- Research Article
- Open Access
Harmonic Enhancement in Low Bitrate Audio Coding Using an Efficient Long-Term Predictor
© Jeongook Song et al. 2010
- Received: 8 February 2010
- Accepted: 29 July 2010
- Published: 15 August 2010
This paper proposes audio coding using an efficient long-term prediction method to enhance the perceptual quality of audio codecs to speech input signals at low bit-rates. The MPEG-4 AAC-LTP exploited a similar concept, but its improvement was not significant because of small prediction gain due to long prediction lags and aliased components caused by the transformation with a time-domain aliasing cancelation (TDAC) technique. The proposed algorithm increases the prediction gain by employing a deharmonizing predictor and a long-term compensation filter. The look-back memory elements are first constructed by applying the de-harmonizing predictor to the input signal, then the prediction residual is encoded and decoded by transform audio coding. Finally, the long-term compensation filter is applied to the updated look-back memory of the decoded prediction residual to obtain synthesized signals. Experimental results show that the proposed algorithm has much lower spectral distortion and higher perceptual quality than conventional approaches especially for harmonic signals, such as voiced speech.
- Residual Signal
- Speech Sample
- Spectral Distance
- Prediction Coefficient
- Modify Discrete Cosine Transform
The main objective of speech and audio coding algorithms is to represent an input signal with as few bits as possible while maintaining high perceptual quality; however their fundamental design concepts are somewhat different. The reason can be found in the unique characteristics of input signal to be encoded, and the application areas of each codec. For example, speech coding that employs the voice production mechanism is used for bidirectional communications, while audio coding that utilizes the hearing mechanism is used for one-way broadcasting services in general. Due to the different design concept one method does not work well for other type of input signals .

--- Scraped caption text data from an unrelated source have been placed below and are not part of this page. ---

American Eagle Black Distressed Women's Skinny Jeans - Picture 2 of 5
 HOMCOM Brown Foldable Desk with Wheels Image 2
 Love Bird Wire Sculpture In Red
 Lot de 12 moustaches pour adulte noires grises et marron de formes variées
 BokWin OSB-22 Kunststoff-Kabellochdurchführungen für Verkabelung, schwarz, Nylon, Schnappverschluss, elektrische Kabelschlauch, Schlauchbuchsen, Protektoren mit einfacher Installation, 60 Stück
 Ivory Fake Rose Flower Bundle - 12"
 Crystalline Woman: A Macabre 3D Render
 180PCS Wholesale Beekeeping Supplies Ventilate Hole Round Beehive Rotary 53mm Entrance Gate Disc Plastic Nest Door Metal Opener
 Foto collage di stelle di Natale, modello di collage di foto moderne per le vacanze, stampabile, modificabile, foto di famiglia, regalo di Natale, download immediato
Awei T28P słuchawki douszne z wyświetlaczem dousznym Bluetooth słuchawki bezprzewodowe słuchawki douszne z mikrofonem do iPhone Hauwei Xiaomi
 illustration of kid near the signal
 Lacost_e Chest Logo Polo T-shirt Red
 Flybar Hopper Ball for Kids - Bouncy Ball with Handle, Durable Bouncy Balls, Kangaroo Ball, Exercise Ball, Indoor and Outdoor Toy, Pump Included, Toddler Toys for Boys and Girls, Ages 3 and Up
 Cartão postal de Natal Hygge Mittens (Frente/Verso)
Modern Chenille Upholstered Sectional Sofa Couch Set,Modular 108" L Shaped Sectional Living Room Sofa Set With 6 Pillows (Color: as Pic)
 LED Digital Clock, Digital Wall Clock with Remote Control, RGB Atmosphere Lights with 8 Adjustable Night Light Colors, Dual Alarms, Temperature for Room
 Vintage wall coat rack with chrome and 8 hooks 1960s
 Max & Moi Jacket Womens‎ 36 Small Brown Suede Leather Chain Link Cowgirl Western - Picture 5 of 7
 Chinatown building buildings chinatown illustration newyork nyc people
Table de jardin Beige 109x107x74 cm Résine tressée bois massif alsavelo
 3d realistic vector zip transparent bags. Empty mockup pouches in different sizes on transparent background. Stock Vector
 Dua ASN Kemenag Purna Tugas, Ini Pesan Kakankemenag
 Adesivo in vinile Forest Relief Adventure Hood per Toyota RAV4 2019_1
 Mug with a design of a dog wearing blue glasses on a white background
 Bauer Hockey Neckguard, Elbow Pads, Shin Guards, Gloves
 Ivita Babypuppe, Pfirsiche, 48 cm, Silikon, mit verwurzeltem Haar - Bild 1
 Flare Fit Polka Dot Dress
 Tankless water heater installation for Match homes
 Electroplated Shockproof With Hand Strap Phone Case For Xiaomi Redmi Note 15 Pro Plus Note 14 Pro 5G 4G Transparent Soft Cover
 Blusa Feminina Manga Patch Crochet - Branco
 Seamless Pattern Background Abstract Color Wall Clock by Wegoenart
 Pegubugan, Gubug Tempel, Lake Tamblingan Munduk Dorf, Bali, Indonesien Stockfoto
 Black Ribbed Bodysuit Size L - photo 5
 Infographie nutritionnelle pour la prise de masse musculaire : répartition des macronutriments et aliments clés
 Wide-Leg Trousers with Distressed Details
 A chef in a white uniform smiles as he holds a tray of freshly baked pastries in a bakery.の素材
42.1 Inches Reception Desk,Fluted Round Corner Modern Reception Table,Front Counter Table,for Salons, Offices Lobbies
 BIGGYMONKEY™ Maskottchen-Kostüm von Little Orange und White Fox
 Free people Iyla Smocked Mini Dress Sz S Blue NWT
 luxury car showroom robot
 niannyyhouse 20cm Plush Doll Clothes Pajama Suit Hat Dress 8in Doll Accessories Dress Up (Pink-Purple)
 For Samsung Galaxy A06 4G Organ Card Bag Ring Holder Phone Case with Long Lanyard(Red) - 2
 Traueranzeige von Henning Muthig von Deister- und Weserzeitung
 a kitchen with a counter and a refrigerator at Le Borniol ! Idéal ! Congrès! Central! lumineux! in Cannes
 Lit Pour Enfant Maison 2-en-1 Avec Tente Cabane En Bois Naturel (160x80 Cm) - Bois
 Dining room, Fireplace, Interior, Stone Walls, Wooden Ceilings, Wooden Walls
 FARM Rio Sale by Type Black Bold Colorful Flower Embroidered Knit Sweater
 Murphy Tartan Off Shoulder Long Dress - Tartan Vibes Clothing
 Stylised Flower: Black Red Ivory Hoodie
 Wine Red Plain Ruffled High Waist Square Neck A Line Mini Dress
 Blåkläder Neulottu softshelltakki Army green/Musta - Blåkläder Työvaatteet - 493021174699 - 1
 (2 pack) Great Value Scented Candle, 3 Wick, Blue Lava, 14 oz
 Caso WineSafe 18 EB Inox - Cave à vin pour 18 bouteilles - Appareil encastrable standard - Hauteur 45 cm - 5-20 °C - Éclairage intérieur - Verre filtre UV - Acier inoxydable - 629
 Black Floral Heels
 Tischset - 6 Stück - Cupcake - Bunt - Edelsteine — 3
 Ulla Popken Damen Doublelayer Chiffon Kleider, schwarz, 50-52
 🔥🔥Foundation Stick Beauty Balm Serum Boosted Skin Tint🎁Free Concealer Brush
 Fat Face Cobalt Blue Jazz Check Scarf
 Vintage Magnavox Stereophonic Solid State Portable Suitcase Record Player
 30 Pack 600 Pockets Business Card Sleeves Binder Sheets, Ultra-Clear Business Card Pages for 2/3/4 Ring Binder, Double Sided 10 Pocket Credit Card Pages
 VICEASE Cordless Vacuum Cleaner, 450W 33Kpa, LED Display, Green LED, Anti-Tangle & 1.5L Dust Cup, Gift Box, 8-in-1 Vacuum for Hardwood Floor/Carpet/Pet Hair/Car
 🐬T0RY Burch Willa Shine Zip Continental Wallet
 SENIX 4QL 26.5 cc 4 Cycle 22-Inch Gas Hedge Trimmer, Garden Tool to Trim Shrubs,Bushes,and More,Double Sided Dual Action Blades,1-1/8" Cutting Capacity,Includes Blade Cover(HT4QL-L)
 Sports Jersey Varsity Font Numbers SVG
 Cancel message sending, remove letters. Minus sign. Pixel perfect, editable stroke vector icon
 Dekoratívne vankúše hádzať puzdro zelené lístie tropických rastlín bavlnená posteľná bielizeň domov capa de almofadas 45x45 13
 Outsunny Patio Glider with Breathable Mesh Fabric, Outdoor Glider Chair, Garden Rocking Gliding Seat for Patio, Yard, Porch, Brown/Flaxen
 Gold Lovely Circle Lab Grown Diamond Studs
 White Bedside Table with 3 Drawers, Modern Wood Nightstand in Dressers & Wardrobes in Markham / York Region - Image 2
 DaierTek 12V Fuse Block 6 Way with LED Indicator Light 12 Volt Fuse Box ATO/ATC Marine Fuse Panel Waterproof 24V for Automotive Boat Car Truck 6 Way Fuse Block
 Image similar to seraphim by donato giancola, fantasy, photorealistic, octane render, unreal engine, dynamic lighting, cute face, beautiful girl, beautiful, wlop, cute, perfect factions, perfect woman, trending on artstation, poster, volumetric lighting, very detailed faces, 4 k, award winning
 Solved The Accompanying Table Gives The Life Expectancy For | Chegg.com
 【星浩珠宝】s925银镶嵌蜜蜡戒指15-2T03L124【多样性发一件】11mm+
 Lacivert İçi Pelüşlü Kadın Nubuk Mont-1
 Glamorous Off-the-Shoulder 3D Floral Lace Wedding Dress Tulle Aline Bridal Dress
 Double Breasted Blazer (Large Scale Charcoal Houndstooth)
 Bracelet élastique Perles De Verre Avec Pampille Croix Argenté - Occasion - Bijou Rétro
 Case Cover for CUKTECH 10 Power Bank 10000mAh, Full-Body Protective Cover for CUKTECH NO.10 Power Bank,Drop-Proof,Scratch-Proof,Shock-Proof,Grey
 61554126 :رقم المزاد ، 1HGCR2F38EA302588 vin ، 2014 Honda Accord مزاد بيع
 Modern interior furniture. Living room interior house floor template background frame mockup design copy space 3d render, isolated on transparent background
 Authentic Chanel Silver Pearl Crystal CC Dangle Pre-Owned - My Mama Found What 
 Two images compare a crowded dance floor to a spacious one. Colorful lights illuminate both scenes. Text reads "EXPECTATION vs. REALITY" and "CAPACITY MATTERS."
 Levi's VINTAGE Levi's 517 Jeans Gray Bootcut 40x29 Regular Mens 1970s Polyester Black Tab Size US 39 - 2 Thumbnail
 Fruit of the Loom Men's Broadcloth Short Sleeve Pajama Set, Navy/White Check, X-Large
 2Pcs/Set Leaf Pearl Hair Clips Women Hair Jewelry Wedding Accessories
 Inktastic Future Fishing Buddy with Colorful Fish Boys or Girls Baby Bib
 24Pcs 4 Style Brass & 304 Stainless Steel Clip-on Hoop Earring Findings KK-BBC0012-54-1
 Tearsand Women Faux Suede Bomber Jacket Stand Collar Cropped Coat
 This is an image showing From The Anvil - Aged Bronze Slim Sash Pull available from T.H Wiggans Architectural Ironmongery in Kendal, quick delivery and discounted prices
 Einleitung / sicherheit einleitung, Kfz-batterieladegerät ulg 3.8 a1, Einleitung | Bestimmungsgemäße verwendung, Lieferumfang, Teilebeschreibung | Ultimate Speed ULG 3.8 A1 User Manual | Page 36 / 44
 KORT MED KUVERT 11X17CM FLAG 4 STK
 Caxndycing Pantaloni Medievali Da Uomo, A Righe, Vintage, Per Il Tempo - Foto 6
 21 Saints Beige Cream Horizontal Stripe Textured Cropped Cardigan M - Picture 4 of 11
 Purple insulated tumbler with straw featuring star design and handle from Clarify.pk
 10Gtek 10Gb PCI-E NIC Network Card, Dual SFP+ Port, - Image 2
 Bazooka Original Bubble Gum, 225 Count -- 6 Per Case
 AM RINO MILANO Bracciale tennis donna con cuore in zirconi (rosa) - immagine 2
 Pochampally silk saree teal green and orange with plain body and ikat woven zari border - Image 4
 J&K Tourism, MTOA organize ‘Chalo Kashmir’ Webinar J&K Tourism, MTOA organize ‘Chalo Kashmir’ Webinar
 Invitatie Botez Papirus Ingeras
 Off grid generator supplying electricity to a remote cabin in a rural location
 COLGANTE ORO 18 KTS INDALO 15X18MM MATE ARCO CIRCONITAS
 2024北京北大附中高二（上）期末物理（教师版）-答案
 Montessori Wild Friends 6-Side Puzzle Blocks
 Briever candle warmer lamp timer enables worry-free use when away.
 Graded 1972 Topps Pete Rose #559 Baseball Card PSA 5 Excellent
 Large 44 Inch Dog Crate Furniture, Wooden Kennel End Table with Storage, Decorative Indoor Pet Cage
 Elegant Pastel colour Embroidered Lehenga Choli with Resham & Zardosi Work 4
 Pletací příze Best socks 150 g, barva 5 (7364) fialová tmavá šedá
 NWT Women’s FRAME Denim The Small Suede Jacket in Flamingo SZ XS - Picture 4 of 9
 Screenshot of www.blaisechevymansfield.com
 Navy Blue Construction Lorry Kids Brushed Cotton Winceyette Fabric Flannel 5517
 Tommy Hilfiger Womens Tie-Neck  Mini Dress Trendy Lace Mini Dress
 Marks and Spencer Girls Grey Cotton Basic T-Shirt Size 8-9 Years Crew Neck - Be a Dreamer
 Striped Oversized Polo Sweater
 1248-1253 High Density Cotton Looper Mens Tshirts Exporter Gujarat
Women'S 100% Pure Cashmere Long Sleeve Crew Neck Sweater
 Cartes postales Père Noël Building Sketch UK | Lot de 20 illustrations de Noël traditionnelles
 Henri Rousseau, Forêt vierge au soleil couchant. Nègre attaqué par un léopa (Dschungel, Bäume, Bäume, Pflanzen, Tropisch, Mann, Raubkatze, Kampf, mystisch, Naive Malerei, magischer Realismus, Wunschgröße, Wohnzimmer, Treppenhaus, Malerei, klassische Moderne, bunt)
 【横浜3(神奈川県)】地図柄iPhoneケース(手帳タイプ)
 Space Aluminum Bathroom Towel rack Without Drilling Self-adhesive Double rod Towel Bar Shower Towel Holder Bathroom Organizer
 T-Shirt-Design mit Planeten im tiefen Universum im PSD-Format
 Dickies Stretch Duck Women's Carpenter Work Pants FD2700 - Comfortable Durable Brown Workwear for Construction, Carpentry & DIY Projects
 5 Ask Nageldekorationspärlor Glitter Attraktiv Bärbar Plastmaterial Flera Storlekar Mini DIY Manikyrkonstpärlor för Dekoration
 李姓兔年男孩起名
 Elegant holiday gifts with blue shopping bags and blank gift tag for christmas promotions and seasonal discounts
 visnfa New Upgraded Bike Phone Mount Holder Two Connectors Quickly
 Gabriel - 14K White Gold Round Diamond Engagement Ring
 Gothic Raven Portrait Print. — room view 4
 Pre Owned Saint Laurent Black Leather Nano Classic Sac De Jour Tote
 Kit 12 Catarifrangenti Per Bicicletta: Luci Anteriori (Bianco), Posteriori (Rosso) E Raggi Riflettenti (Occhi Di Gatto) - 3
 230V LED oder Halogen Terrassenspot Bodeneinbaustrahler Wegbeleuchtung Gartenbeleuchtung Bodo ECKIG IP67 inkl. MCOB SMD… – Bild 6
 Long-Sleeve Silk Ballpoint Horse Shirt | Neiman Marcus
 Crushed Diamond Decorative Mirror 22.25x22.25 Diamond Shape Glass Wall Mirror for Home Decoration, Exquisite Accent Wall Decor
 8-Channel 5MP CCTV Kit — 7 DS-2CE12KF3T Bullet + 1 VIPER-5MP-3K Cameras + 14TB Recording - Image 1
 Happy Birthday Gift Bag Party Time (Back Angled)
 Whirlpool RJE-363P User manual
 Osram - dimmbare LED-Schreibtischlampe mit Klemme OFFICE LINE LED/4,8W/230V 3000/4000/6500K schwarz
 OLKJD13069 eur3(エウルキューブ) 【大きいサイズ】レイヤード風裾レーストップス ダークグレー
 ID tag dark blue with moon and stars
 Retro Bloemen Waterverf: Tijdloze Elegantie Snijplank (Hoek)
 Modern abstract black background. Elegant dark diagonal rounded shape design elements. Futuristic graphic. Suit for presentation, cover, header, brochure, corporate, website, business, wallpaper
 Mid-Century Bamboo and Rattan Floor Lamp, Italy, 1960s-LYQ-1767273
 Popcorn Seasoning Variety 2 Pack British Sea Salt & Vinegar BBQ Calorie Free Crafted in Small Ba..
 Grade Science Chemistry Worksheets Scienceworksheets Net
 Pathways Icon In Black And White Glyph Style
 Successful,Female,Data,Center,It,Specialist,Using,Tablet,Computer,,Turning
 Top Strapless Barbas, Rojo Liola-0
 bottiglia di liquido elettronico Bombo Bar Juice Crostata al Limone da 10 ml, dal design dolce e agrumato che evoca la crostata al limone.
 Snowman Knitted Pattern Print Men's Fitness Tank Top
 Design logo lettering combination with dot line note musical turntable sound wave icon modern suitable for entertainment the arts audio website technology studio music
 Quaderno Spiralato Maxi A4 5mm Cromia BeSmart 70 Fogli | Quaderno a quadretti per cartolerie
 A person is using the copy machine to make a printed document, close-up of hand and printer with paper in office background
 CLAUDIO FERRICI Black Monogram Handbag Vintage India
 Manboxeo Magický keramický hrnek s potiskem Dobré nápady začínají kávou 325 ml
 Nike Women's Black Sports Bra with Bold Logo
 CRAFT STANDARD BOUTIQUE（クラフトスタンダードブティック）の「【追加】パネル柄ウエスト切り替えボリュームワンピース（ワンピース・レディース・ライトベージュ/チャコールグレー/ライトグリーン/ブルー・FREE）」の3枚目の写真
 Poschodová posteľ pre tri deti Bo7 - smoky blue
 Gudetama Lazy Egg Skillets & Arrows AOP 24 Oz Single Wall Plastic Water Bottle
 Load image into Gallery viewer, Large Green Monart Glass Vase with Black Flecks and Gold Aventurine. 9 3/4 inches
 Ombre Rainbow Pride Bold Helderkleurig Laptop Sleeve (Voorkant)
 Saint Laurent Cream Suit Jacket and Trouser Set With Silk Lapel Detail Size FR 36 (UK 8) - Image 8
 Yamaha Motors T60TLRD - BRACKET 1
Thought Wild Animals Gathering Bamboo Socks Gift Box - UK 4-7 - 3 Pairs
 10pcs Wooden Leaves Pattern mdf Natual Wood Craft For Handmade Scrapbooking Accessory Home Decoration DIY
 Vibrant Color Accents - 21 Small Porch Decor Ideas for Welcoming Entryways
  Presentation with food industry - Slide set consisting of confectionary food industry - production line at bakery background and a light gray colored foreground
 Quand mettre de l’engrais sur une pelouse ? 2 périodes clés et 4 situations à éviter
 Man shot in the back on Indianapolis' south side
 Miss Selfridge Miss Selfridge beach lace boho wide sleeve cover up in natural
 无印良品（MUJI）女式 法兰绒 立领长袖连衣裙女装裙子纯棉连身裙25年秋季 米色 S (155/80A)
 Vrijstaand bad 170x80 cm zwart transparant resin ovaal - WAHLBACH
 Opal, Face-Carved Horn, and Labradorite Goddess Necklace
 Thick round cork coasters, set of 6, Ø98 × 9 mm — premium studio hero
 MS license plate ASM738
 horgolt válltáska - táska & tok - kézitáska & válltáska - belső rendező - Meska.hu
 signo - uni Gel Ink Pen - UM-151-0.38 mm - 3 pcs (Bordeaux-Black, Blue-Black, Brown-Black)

As the communication and broadcasting networks are merging together, demands for developing a unified speech/audio codec are rapidly increasing . As a first step toward this unification, MPEG standardized the MPEG-4 audio which combines a large set of codecs covering different signal characteristics and operating bit rates . The 3GPP also standardized the adaptive multirate wideband plus (AMR-WB+) codec that has the combined structure with an ACELP technology and a transform-based coding (TCX) scheme . Recently, MPEG has initiated a new standard to provide a unified coding tool for speech and audio signals. In response to the Call for Proposal (CfP) on the unified speech and audio coding (USAC), 8 candidate systems have been submitted, and a reference model was selected through a competitive evaluation process [5, 6]. The reference model has a combined architecture containing two separate coding branches: one comes from a modification of advanced audio coding (AAC), and the other comes from a traditional linear prediction-based coding especially the AMR-WB+ [6, 7].
To design a unified speech and audio codec, it is important to fully understand the signal characteristics of input signal as well as the type of distortions related to the codec used, that is, the effect caused by encoding speech signals with audio codec and vice versa. It is well known that transform-based codecs are inadequate to efficiently express the speech input signals, especially at low bitrates [8, 9]. Among several interpretations to explain the distortion of coded speech in transform based codecs, the smearing effect coming from a loose tracking of pitch variation is said to be one of the most significant reasons [10, 11]. In other words, relatively long transform analysis leads to roughness, because the pitch is rather frequently varied in the transform duration, and thus the harmonic components in the frequency domain are not ensured to be preserved by perceptual bit allocation. As an another aspect, it should be also noted that each peak and valley coming from the pitch harmonics might be independently coded in the transform domain, thus it is less efficient to code them as much as to be done by namely long-term prediction in many speech coders .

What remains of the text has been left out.